The deal, which moves Energy Cranes into the fast-growing subsea cable and pipe-laying markets, was worth £8.7 million. The deal was funded by a banking syndicate led by Royal Bank of Scotland and included Barclays, HSBC and Lloyds TSB.
Energy Cranes was bought by its management weeks before this deal was completed with the support of Close Brothers Private Equity.
John Jordon, Energy Cranes’ chief executive, said he targeted Baricon as it operates in a sector he believes will grow rapidly as industry demand for longer and larger-diameter spooled pipeline installations increases.
Energy Cranes chief financial officer Adrian Bannister said the buy-out provided management with funding to fuel several planned additions to the group. “We are delighted to have completed the Baricon acquisition so soon after the main deal, and now look forward to moving ahead with other acquisition plans while continuing the development of the existing businesses.”
Baricon’s managing director Bill Morrison will continue to manage the business following completion, which will trade as a subsidiary of Energy Cranes.
Morrison said with the financial strength of Energy Cranes the company will grow its export sales operations more rapidly than would have been possible from its own resources.

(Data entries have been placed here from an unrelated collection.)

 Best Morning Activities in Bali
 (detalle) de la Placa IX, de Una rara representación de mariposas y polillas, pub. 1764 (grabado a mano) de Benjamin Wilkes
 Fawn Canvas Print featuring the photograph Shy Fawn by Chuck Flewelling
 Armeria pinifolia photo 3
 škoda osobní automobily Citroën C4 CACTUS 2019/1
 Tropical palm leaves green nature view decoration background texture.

Energy Cranes appointed a team at energy data consultancy Infield Systems to manage commercial and market due diligence on Baricon’s operations.
The firm’s team was led by director of analytical services Will Rowley, who was supported by analysts George Venturas and Ioanna Karra.

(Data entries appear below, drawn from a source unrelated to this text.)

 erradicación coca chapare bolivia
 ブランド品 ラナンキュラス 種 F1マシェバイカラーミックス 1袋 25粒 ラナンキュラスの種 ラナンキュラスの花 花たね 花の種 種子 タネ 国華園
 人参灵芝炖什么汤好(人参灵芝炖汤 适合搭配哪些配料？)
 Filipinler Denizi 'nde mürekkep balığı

Rowley said his team used the firm’s proprietary data and information resources, including the specialist vessel database and OFFPEXTM Market Modelling & Forecasting System, to complete the study.
“We were able to accurately position Baricon within its selected markets and highlight in detail its opportunities and any strategic challenges,” he added. “This ability to accurately position the company allowed Energy Cranes to move the transaction forward quickly and with greater confidence.”

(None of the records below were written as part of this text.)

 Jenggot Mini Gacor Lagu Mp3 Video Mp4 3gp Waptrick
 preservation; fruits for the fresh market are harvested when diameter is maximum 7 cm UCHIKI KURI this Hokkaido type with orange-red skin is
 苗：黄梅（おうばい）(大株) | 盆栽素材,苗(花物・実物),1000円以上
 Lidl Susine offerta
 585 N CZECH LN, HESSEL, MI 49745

The vendor received financial advice from Acumen Accountants and Advisors, led by Steve Mitchell, head of corporate and commercial.
Mitchell, who was supported by senior tax manager Andy Bain, said Baricon is a long-standing audit client of the firm.
“There was a tight deadline to meet to ensure the deal was completed before 5 April so that the vendor could take advantage of business asset taper relief before the CGT changes took effect,” he added.
Aberdeen-based Energy Cranes has 2,000 employees at 19 locations across six continents. Its subsidiaries include Sparrows Offshore and Aberdeen Hydraulics.
Baricon was established in 1988 and has developed a range of carousels and tensioner systems for the storage and deployment of sub-sea pipelines, flowlines, control lines and cables.